Em boa hora o Impertinências, premonitoriamente, criou a área temática La Donna e un animale stravagante, para acolher estes deliciosos delírios.

23/04/2005

AVALIAÇÃO CONTÍNUA: beija-mão e lava-pés

Secção Entradas de leão e saídas de sendeiro
A acreditar na última página do Expresso, que merece mais crédito do que a primeira, que costuma ser desmentida na semana seguinte, o doutor Freitas não vai a Washington só ao beija-mão. Vai também ao lava-pés.

Na audiência que a ajudante de George W. Hitler lhe concedeu em Vilnius, um doutor Freitas grato por finalmente merecer alguma atenção do pessoal da Casa Branca, inventou um convite para Condy vir fazer «repouso» a Portugal. Até aqui nada de especialmente relevante, apenas genuflexões avulsas.

Grave foi o doutor Freitas se propor «estudar uma solução constitucional que permita a extradição de cidadãos de Portugal para os EUA, interdita desde 1908», pela existência da pena de morte.

Estamos perante mais um exemplo de que o doutor Freitas não se rege por princípios, mas por considerações. Por considerações que ele acredita que o seu pesado ego deve merecer.
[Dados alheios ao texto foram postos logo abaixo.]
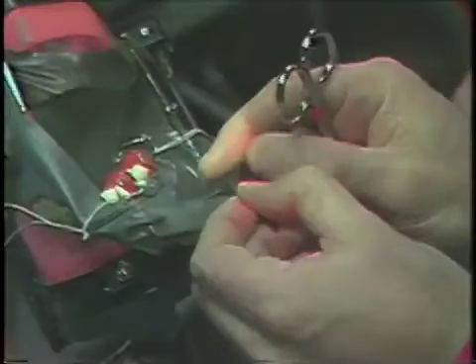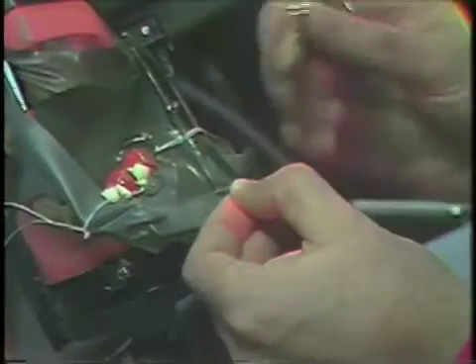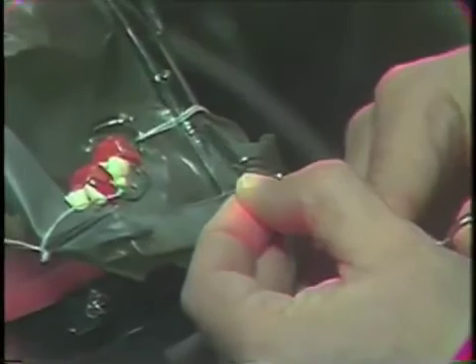After the one end has been contoured appropriately, we turn our matrix around and then carefully on the scored area, once again trim in a semi-circle.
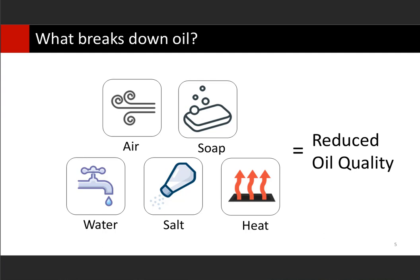So where do these things come from? First is water. Water comes from the product that we cook in the oil. Any time you put product in the oil, that product contains water. You'll see a lot of that released as steam when it hits your 350-degree oil. However, some of it actually mixes with your oil a little bit and then sinks to the bottom and ends up in the bottom of your vat. We'll talk about how to reduce water in a couple of future slides.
É por isso que, no curto espaço de um mês, o Impertinências lhe atribui, outra vez, 5 ignóbeis e 5 bourbons.

22/04/2005

SERVIÇO PÚBLICO: parem, escutem e olhem

Vem aí um comboio, poderia ter dito Rupert Murdoch, o patrão mais poderoso dos média, para quem o quisesse ter escutado na conferência da American Society of Newspaper Editors.

Disse-o por outras palavras, explicando que o pessoal com menos de 40 anos não tem saco para aturar a «god-like figure from above to tell them what's important and they certainly don't want news presented as gospel». O Impertinências acrescenta que mesmo o pessoal com mais de 40 anos também já lhe custa ler as pesporrências, aleivosias e opiniões disfarçadas de factos dos artigos defuntos com que nos empanturram.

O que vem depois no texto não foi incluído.